Doctor Fortran in "I Can C Clearly Now, Part I"

Spend any time in the comp.lang.fortran newsgroup, or other places where programming languages are discussed, and you’ll soon see a new “Which is better, Fortran or C?” thread show up. These never fail to produce heated comments from people who should know better. My answer is that neither is “better” – each has its strengths and weaknesses.

For decades, smart programmers have used both in their applications, using C where it made sense and Fortran where that made sense. This was made easier by vendor-specific extensions to Fortran that dealt with things such as case-sensitive names and pass-by-value. Extensions such as %VAL and LOC have become so ingrained into the Fortran culture that many are astonished to find that they are non-standard.

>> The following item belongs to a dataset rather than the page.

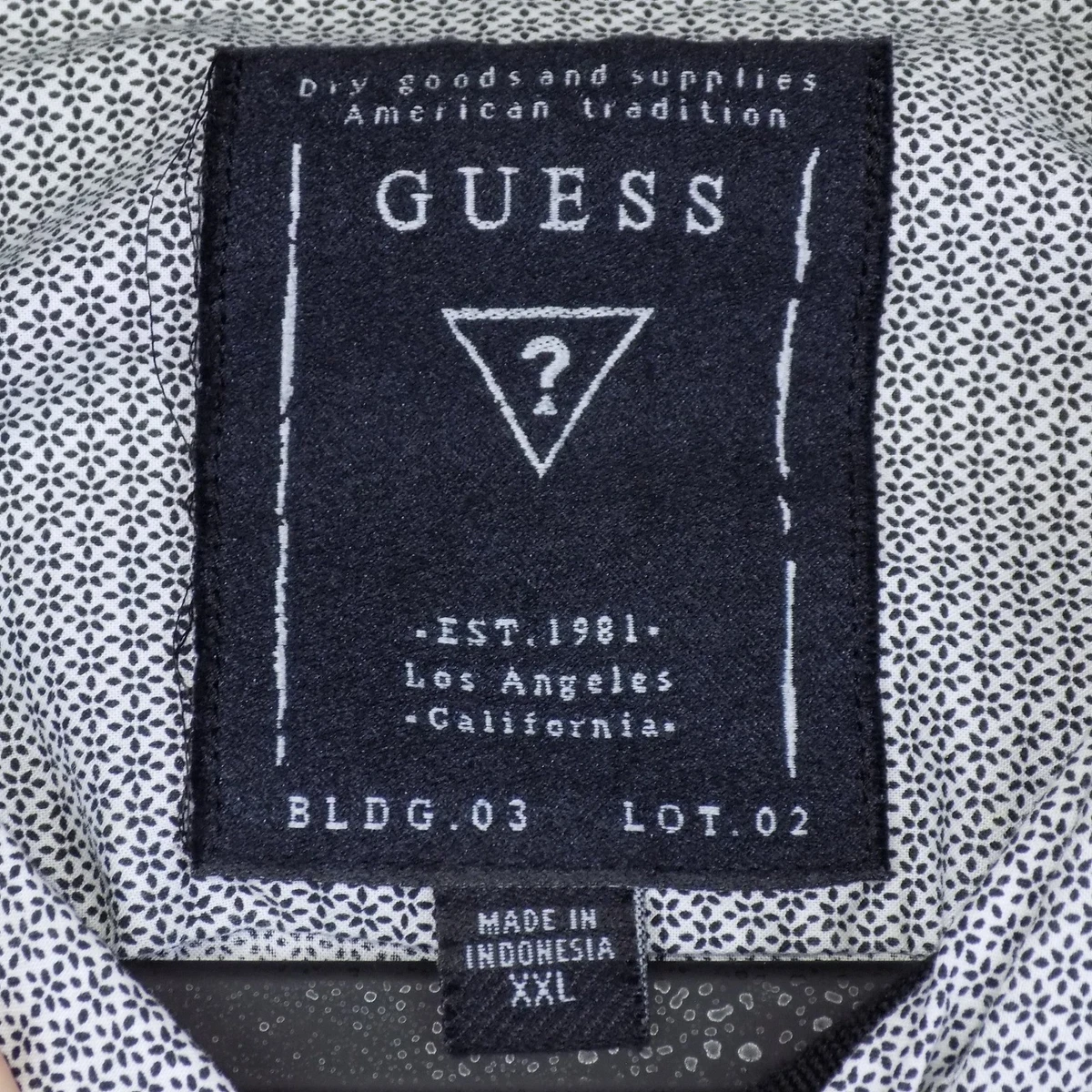 Camisa Guess Abotonada Para Hombre XXL Negra Blanca Calce Regular Usada en Excelente Condición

Fortran 2003 added a whole class of features for “C interoperability” to the standard, finally enabling mixed-language programming in a reasonably portable manner. I am not aware of any other major programming language standard that has extended a hand in this manner. While many Fortran programmers have warmly embraced the new features, there’s still a lot of confusion about them, and I thought it was time to try to explain the new landscape.

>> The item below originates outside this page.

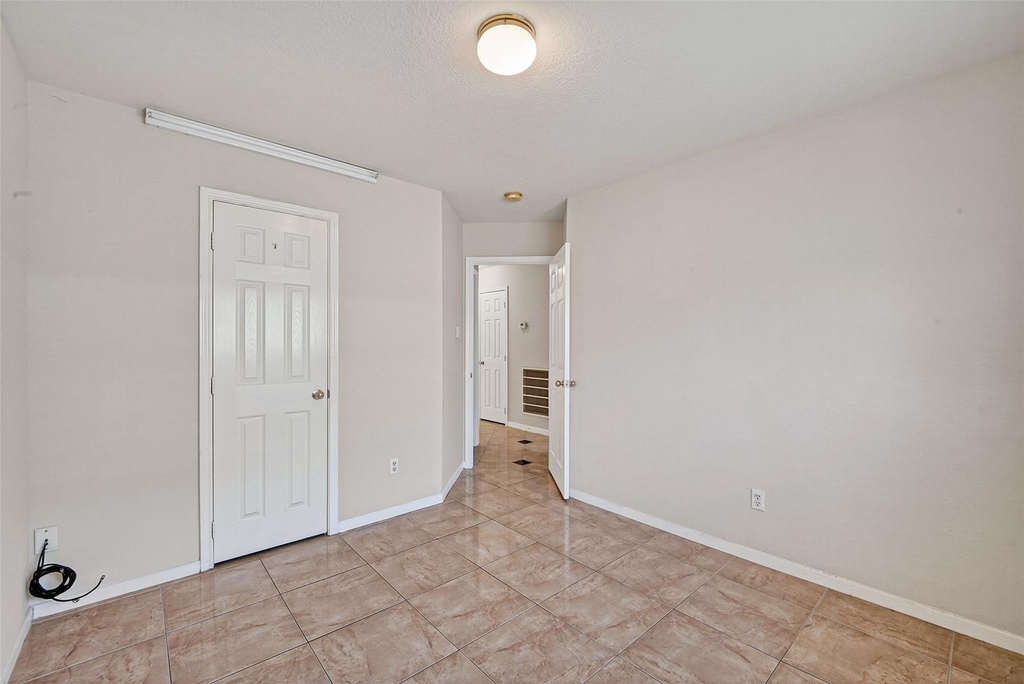 9918 Pierre Court - Photo 2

This is a big topic, so I am going to split it up across several posts.

Interoper-what?

First, some definitions. The Fortran standard talks about interoperability with a “companion C processor”. (In Fortran-speak, “processor” means something that understands and runs code written in the language. For the most part, you can substitute “compiler”, but keep in mind that the compiler operates in an OS and CPU environment that may affect its behavior.) Each Fortran implementation is free to choose which C is its “companion”. For Intel Fortran, that is Microsoft Visual C++ on Windows, and gcc on Linux and OS X. What about Intel C++? That is also compatible with Visual C++ on Windows and gcc on Linux and OS X, so Intel Fortran will also interoperate with Intel C++.

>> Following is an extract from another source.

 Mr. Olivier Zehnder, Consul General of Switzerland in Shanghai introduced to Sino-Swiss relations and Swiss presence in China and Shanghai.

Note that the standard says “companion C processor”, not “companion C++ processor”. In particular, the standard references the C99 standard, or ISO/IEC 9899:1999 to be specific. The companion processors may also build C++ code, but standard interoperability assumes C. You can use C++, but must stick to what is compatible with C when interoperating with Fortran.

What is meant by “interoperability” here? F2008 says it thusly: “Fortran provides a means of referencing procedures that are defined by means of the C programming language or procedures that can be described by C prototypes…, even if they are not actually defined by means of C. Conversely, there is a means of specifying that a procedure defined by a Fortran subprogram can be referenced by a function defined by means of C. In addition, there is a means of defining global variables that are associated with C variables whose names have external linkage.” To this, I will add that there are also means to declare Fortran variables, data structures and enumerations that correspond to similar declarations in C.

Fortran provides four major “tools” for enabling interoperability with C. These are:

Restrictions on which Fortran types are considered interoperable
The BIND(C) language-binding-spec
The ISO_C_BINDING intrinsic module
The VALUE attribute

I frequently see people refer to all of the interoperability tools as “ISO_C_BINDING”, but this is not correct; one can use the interoperability features without using the module.

Interoperable data types

The core concept of interoperability is that something should work the same way in Fortran as it does in C. While Fortran and C each support many of the same basic data types, not everything translates cleanly.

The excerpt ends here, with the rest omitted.